Journal of Religion and Violence
- Discipline: Religious studies, theology
- Language: English
- Edited by: Margo S. Kitts

Publication details
- History: 2013-present
- Publisher: Philosophy Documentation Center (United States)
- Frequency: Triannual

Standard abbreviations
- ISO 4: J. Relig. Violence

Indexing
- ISSN: 2159-6808
- LCCN: 2011201815
- JSTOR: jreliviol
- OCLC no.: 699807153

Links
- Journal homepage; Online access;

= Journal of Religion and Violence =

The Journal of Religion and Violence is a peer-reviewed academic journal covering the study of religion and violence. It publishes analyses of contemporary and historical religious groups involved in violent incidents, as well as studies on sacrifice, terrorism, inter- and intra-religious violence, mass suicide, war and religion, and religiously-legitimated violence against women.
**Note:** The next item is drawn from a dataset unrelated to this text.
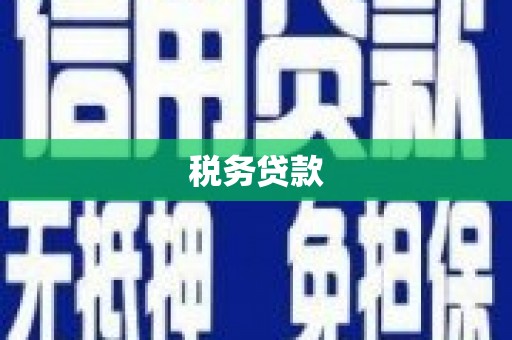武胜税务贷款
It also publishes reviews and special issues dedicated to relevant topics. The journal is included in JSTOR's Security Studies Collection.
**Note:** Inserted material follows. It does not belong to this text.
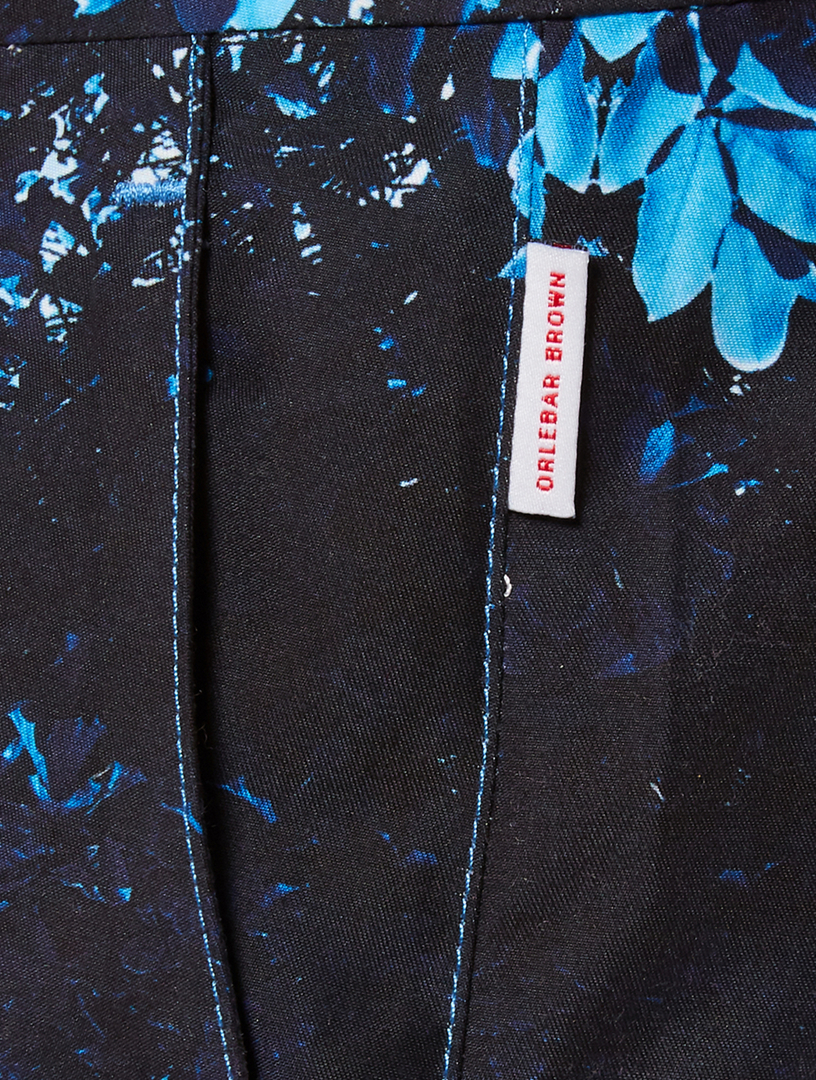 Bulldog Blue View Mid-Length Swim Shorts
It is indexed in the Atla Religion Database, ERIH PLUS and Index Theologicus, and has a Level 1 classification from the Publication Forum of the Federation of Finnish Learned Societies. The Journal of Religion and Violence is a hybrid open-access journal with a SHERPA/RoMEO "green" self-archiving policy. It is published by the Philosophy Documentation Center.